This reviewer’s first encounter with Conway Twitty came at the Asheville (North Carolina) Civic Center in the summer of 1966. It was my very first live concert, my father taking me there to see Buck Owens & The Buckaroos. Opening up were Waylon Jennings and a then relative newcomer, Conway Twitty. After Twitty ambled through his first country charting song “Guess My Eyes Were Bigger Than My Heart”, my dad shook his head and commented, “the boy ain’t country”. Twitty was, after all, a crossover from the ranks of the Beatles-beaten rockabilly scene.


Now we move forward to 1974. I’m watching my dad get his haircut at El Toro, a chic, redneck unisex barbershop in Kannapolis, NC, the textile mill capital of the universe. It seemed that all the men in the chairs that day were going for one distinct style—the big hair, neo-vampire look, held together by gallons of hair-spray and made popular by country music’s first ‘adult contemporary’ star—Conway Twitty. Take away the hair, and Twitty favored Alabama governor George Wallace. The hair, the open shirt, and lots of gold rings were the trappings of white, middle-aged Southern malehood in the ‘70s.

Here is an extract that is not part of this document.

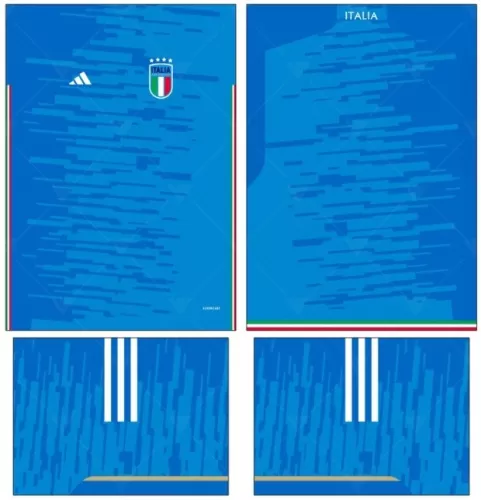 Arte Vetor Camisa Italia Conceito 2024 | Modelo 16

Born Harold Lloyd Jenkins in 1933, Conway Twitty became the unlikely icon of the Southern ladies’ man. He spent most of his boyhood in Helena, Arkansas, and haggled over whether to play professional baseball or become a rock ‘n’ roller. Uncle Sam ended his athletic aspirations when Jenkins was drafted for service in Korea. After the war, he combined the names of towns in Arkansas and Texas to obtain his deep-fried stage moniker. Years later, when he began his fortuitous collaborations with “first lady of country music” Loretta Lynn, there wasn’t a trace of his blues or rockabilly roots. Twitty personified the smooth Nashville sound, infusing “pop/country” with subtle innuendo. The sultry voice we can understand. But the look? In all likelihood, Twitty’s impact on women was less a factor than his modeling for sex-hungry gents. Like chocolate-covered cherries, Conway Twitty represented what men thought their ladies wanted.


Notwithstanding, Nashville country casts a curious spell, and Twitty piled up 40 number one hits over a quarter-century. Included on Love Songs are 14 Twitty tracks dedicated solely to amorous adventure. Among the highlights are the classics “Kiss an Angel Good Morning” (the more popular version covered by Charlie Pride), “I’d Love to Lay You Down”, and the talking “Happy Birthday Darlin’”. Twitty even wrote one of his all-time best-sellers in “(I Can’t Believe) She Gives It All to Me”. For those who came of age in the era, these songs will bring back memories of Ronco TV commercials, fish fries, and love-making—on shag carpet. As this collection lumbers along, the whine of steel guitars gives way to the warm hum of a synthesizer. Twitty was a slick as waxed linoleum.


The best moments are the scant two duets with the incomparable Loretta Lynn. No matter what Nashville did to fully pastuerize country music, it could never engineer from the coal miner’s daughter her rich, earthy voice. Hearing Lynn sing conjures up images of skinny, barefoot kids on the steps of one-room schoolhouses in the hills of eastern Kentucky—as photographed by Mary Wolcott for the FSA during the Depression. It’s her aching Appalachian cry set against Twitty’s Deep South, tenant farm foreman drawl, creating some of the most electrifying inter-regional harmonies in recorded music. It’s a shame more of their duets were not included on this collection.


Love Songs is a nice thematic collection from one of Nashville’s biggest superstars, with big hair to match. But is it real country? Only if you believe that Nashville is Music City, USA.